Tuesday, November 29, 2011

The one-liner art of Barney Frank


Golly, I’m going to miss Barney Frank, who announced Monday that he would retire at the end of his current term in 2013 after represesenting Massachusetts’s 4th District in the U.S. House of Representatives since 1981.

Frank, described in the title of a 2009 biography as “America’s only gay, left-handed, Jewish congressman,” was consistently liberal, smart and feisty --- and darned good at one-liners, too. In politics, notably on civil rights issues, he was the perfect progressive storm.

Upon learning of his impending retirement, the Tennessee Tea Party tweeted, “Good riddance you perverted sodomite POS (piece of shit)!!” --- golly, again.
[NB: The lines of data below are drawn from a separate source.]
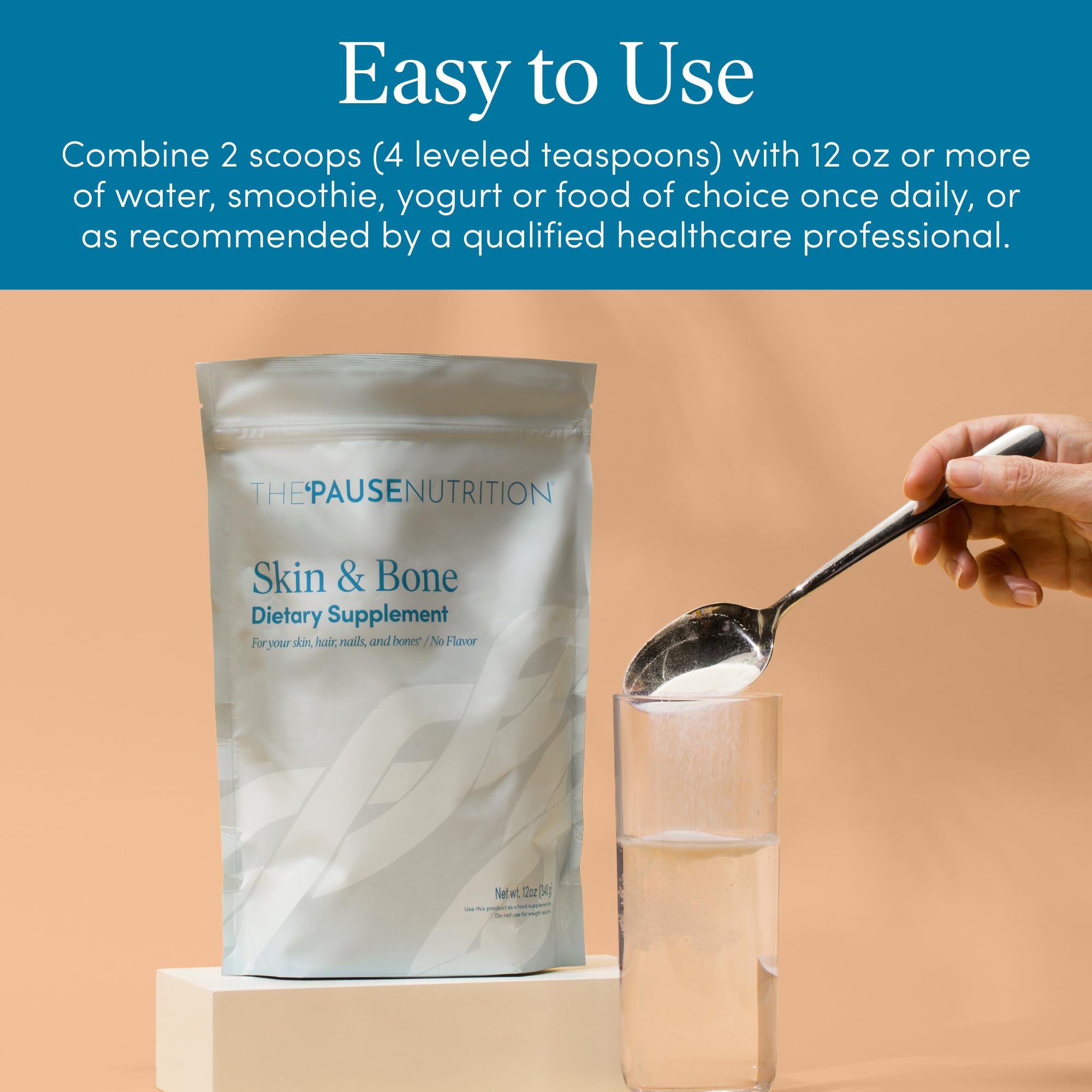 The Pause Life Skin Bone Collagen Peptides Hyaluronic Acid - The 'Pause Life Official Imagery - 8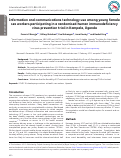 Cover page: Information and communications technology use among young female sex workers participating in a randomised human immunodeficiency virus prevention trial in Kampala, Uganda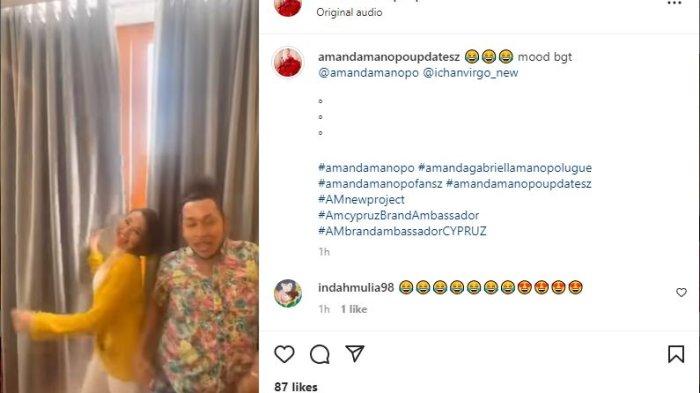Amanda Manopo Tertawa Lebar saat Parodikan Kak Jill yang Viral di TikTok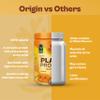Origin Nutrition Vegan Plant Protein Powder, Mango Mania Flavour with 25g per serve Plant-Based Protein, Gluten Free, Soy Free, Dairy Free, No Added Sugar, Soy Free, Non - GMO, 7 Servings, 288g view 3
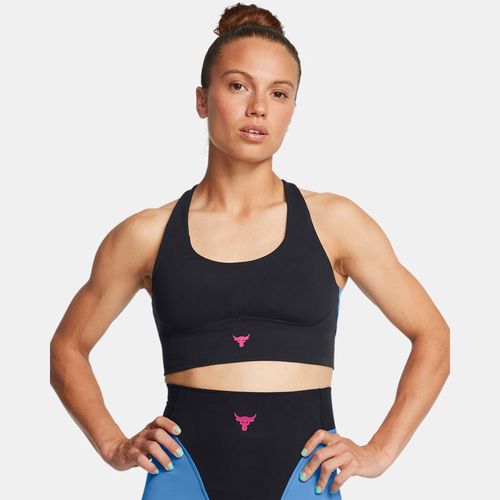 Brassière de sport Project Rock Let's Go Grind / Viral Bleu / Astro Rose L - Under Armour - Modalova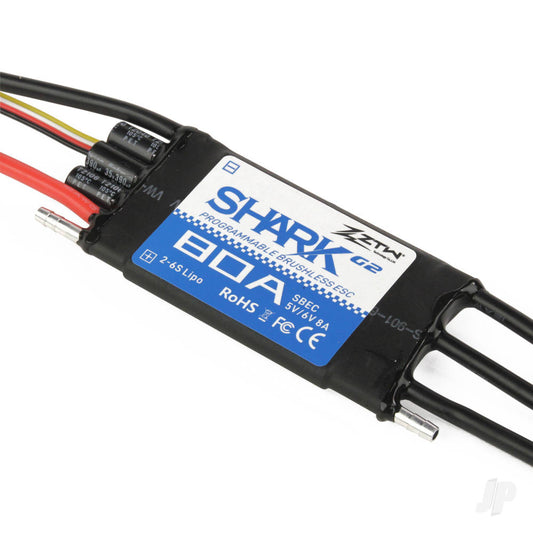 Shark 80A SBEC ESC G2 (2-6 Cells) (Water-cooled) ZTW9080211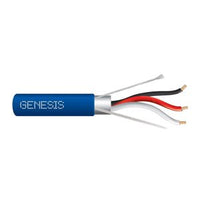Genesis 32271106 22/3 Stranded Shielded Plenum Cable, 1000', Blue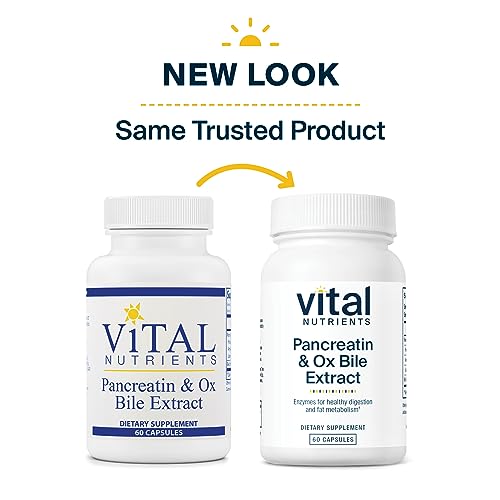 Vital Nutrients Pancreatin and Ox Bile Extract | Natural Digestive Enzyme Vital Nutrients uk supplements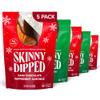SkinnyDipped Peppermint and Mocha Splash Almonds Variety Pack Bundle, Healthy Snack, Plant Protein, Gluten Free, 3.5 oz Resealable Bags, Pack of 5, Limited Edition view 1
But that’s the sort of statement Frank was good at deflecting with wit rather than in kind.

When Dick Armey, at the time Republican House majority leader, referred in 1995 to Frank as “Barney Fag,” then dismissed it as a mere slip of the tongue, the Massachusetts congressman responded, "I turned to my own expert, my mother, who reports that in 59 years of marriage, no one ever introduced her as Elsie Fag."

Hilary Rosen cited a few of her favorite Barney quips in a Monday Huffington Post column:

"Gay people have a different role than other minority groups... Very few black kids have ever had to worry about telling their parents that they were black"

"They're (congressional opponents) saying that my ability to marry another man somehow jeopardizes heterosexual marriage. Then they go out and cheat on their wives."

"The problem with the war in Iraq is not so much the intelligence as the stupidity."

"On what planet do you spend most of your time?" (in response to a critic at a recent healthcare town hall meeting who had declared “Obamacare” to be “Nazi”). He then went on to suggest that continuing their discussion would be as useful as trying to carry on a conversation with a dining room table.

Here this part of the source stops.